I just read a MSDN article, "Synchronization and Multiprocessor Issues", that addresses memory cache consistency issues on multiprocessor machines. This was really eye opening to me, because I would not have thought there could be a race condition in the example they provide. This article explains that writes to memory might not actually occur (from the perspective of the other cpu) in the order written in my code. This is a new concept to me!
This article provides 2 solutions:
Using the "volatile" keyword on variables that need cache consistency across multiple cpus. This is a C/C++ keyword, and not available to me in Delphi.
Using InterlockExchange() and InterlockCompareExchange(). This is something I could do in Delphi if I had to. It just seems a little messy.
The article also mentions that "The following synchronization functions use the appropriate barriers to ensure memory ordering: •Functions that enter or leave critical sections".
This is the part I don't understand. Does this mean that any writes to memory that are limited to functions that use critical sections are immune from cache consistency and memory ordering issues? I have nothing against the Interlock*() functions, but another tool in my tool belt would be good to have!
This MSDN article is just the first step of multi-thread application development: in short, it means "protect your shared variables with locks (aka critical sections), because you are not sure that the data you read/write is the same for all threads".
The CPU per-core cache is just one of the possible issues, which will lead into reading wrong values. Another issue which may lead into race condition is two threads writing to a resource at the same time: it's impossible to know which value will be stored afterward.
Since code expects the data to be coherent, some multi-thread programs may behave wrongly. With multi-threading, you are not sure that the code you write, via individual instructions, is executed as expected, when it deals with shared variables.
InterlockedExchange/InterlockedIncrement functions are low-level asm opcodes with a LOCK prefix (or locked by design, like the XCHG EDX,[EAX] opcode), which will indeed force the cache coherency for all CPU cores, and therefore make the asm opcode execution thread-safe.

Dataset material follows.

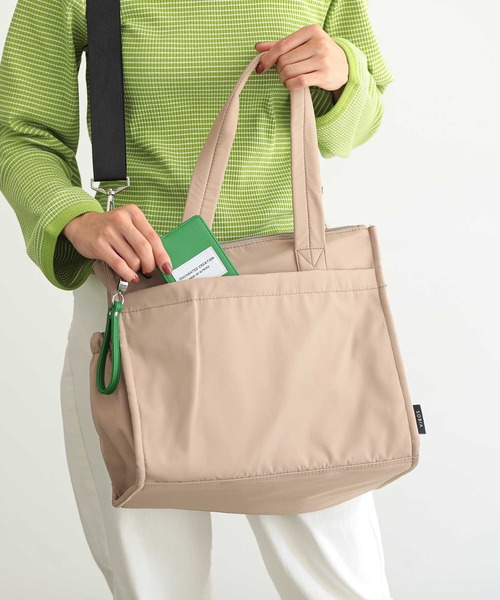 ALTROSE(アルトローズ)の「ママカル2wayトート(トートバッグ・レディース・ブラック/ベージュ/グレー/カーキ・FREE)」の4枚目の写真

For instance, here is how a string reference count is implemented when you assign a string value (see _LStrAsg in System.pas - this is from our optimized version of the RTL for Delphi 7/2002 - since Delphi original code is copyrighted):
MOV ECX,[EDX-skew].StrRec.refCnt
INC ECX { thread-unsafe increment ECX = reference count }
JG ##1 { ECX=-1 -> literal string -> jump not taken }
.....
##1: LOCK INC [EDX-skew].StrRec.refCnt { ATOMIC increment of reference count }
MOV ECX,[EAX]
...
There is a difference between the first INC ECX and LOCK INC [EDX-skew].StrRec.refCnt - not only the first increments ECX and not the reference count variable, but the first is not thread-safe, whereas the 2nd is prefixed by a LOCK therefore will be thread-safe.
By the way, this LOCK prefix is one of the problem of multi-thread scaling in the RTL - it's better with newer CPUs, but still not perfect.

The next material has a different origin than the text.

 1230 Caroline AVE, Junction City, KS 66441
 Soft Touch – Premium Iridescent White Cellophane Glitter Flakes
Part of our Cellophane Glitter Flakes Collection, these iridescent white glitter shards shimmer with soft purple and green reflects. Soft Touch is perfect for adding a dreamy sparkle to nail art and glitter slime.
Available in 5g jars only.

So using critical sections is the easiest way of making a code thread-safe:
var GlobalVariable: string;
GlobalSection: TRTLCriticalSection;
procedure TThreadOne.Execute;
var LocalVariable: string;
begin
...
EnterCriticalSection(GlobalSection);
LocalVariable := GlobalVariable+'a'; { modify GlobalVariable }
GlobalVariable := LocalVariable;
LeaveCriticalSection(GlobalSection);
....
end;
procedure TThreadTwp.Execute;
var LocalVariable: string;
begin
...
EnterCriticalSection(GlobalSection);
LocalVariable := GlobalVariable; { thread-safe read GlobalVariable }
LeaveCriticalSection(GlobalSection);
....
end;
Using a local variable makes the critical section shorter, therefore your application will better scale and make use of the full power of your CPU cores. Between EnterCriticalSection and LeaveCriticalSection, only one thread will be running: other threads will wait in EnterCriticalSection call... So the shorter the critical section is, the faster your application is. Some wrongly designed multi-threaded applications can actually be slower than mono-threaded apps!
And do not forget that if your code inside the critical section may raise an exception, you should always write an explicit try ... finally LeaveCriticalSection() end; block to protect the lock release, and prevent any dead lock of your application.
Delphi is perfectly thread-safe if you protect your shared data with a lock, i.e. a Critical Section. Be aware that even reference-counted variables (like strings) should be protected, even if there is a LOCK inside their RTL functions: this LOCK is there to assume correct reference counting and avoid memory leaks, but it won't be thread-safe. To make it as fast as possible, see this SO question.
The purpose of InterlockExchange and InterlockCompareExchange is to change a shared pointer variable value. You can see it as a a "light" version of the critical section to access a pointer value.
In all cases, writing working multi-threaded code is not easy - it's even hard, as a Delphi expert just wrote in his blog.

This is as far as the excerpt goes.